28 December 2015

The Hateful Eight

The Hateful Eight
The Hateful Eight
The Hateful Eight is Quentin Tarantino's eighth film. I know that not only because I've seen the previous seven (Reservoir Dogs, Pulp Fiction, Jackie Brown, Kill Bill, Death Proof, Inglourious Basterds, and Django Unchained) but because the opening titles announce it as "the 8th film by Quentin Tarantino".

The 'hateful eight' (clearly the antithesis of The Magnificent Seven) are all heading, for various reasons, to Red Rock, Wyoming, though a blizzard forces them to take shelter at Minnie's Haberdashery. The only woman among them, Daisy Domergue, has a bounty on her head, and almost everyone has secrets and deceptions that are eventually revealed. Some of the backstories remain ambiguous and unresolved, with the audience left to judge what is true or false.

The film is almost three hours long, and divided into six chapters, though the plot doesn't really begin until chapter four. Even after this, the tension doesn't reach the level of the farmhouse and basement tavern sequences in Inglourious Basterds. The first draft of the script (which has a different ending) was leaked online last year, and Tarantino organised a live table-read of that draft in Los Angeles shortly afterwards.

The cast includes Samuel L Jackson (Pulp Fiction, Jackie Brown, Inglourious Basterds, and Django Unchained), Michael Madsen (Reservoir Dogs), Tim Roth (Reservoir Dogs and Pulp Fiction), Kurt Russell (Death Proof), and Zoe Bell (also Death Proof). Jackson plays an African American bounty-hunter, like the title character in Django Unchained. Tarantino delivers a brief voice-over at the start of chapter four. Jackson and Walton Goggins give outstanding performances; in fact, the hateful eight are all so fascinating that the innocent characters in the flashback sequence seem one-dimensional in comparison.
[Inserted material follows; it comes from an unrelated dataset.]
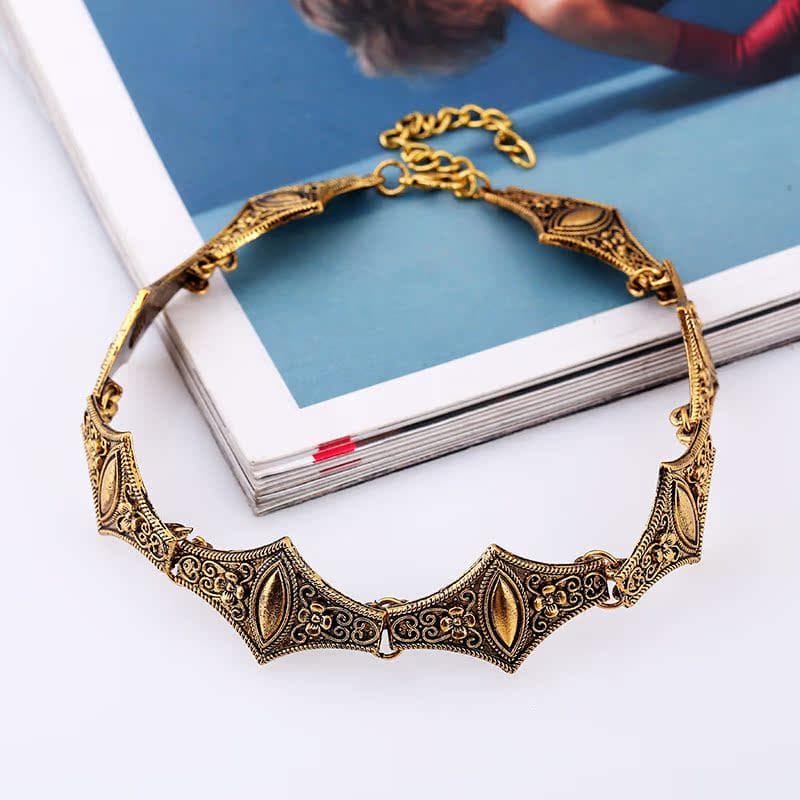 Flower metal chain adjustable choker necklace  | Festival Outfits Women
This is essentially a chamber piece, with the action almost completely confined to a single location - the interior of Minnie's Haberdashery - just as Reservoir Dogs took place largely in a warehouse. (It's also reminiscent of two Humphrey Bogart films: The Petrified Forest and Key Largo.) The flashback reveals a shift in point-of-view, as in Pulp Fiction's diner-robbery scenes and Jackie Brown's shopping-mall sequence.

Like all Tarantino films, The Hateful Eight has its share of violence, with an exploding head being the most graphic example; the violent climax is especially similar to Django Unchained. Also, as in Pulp Fiction, Jackie Brown, and Django Unchained, the n-word is used throughout.

The Hateful Eight was filmed with 65mm cameras, and is projected in Ultra Panavision, with an extremely wide 2.76:1 aspect ratio, only a fraction less than Cinerama's 2.77:1. (Ultra Panavision was the widest of the widescreen processes developed in the 1950s as anamorphic alternatives to Cinerama; it was used most notably for Ben-Hur in 1959.) As in early CinemaScope films such as The Robe, the wide frame emphasises the blocking of the actors, which looks simultaneously theatrical and cinematic.

The film has been released in a standard version (which is the one I've seen) and a 70mm roadshow version, which includes an overture, intermission, and several minutes of additional footage: the exact opposite of the grindhouse experience Tarantino recreated with Death Proof. Like Christopher Nolan with Interstellar, he is using The Hateful Eight to highlight the superiority of 70mm distribution.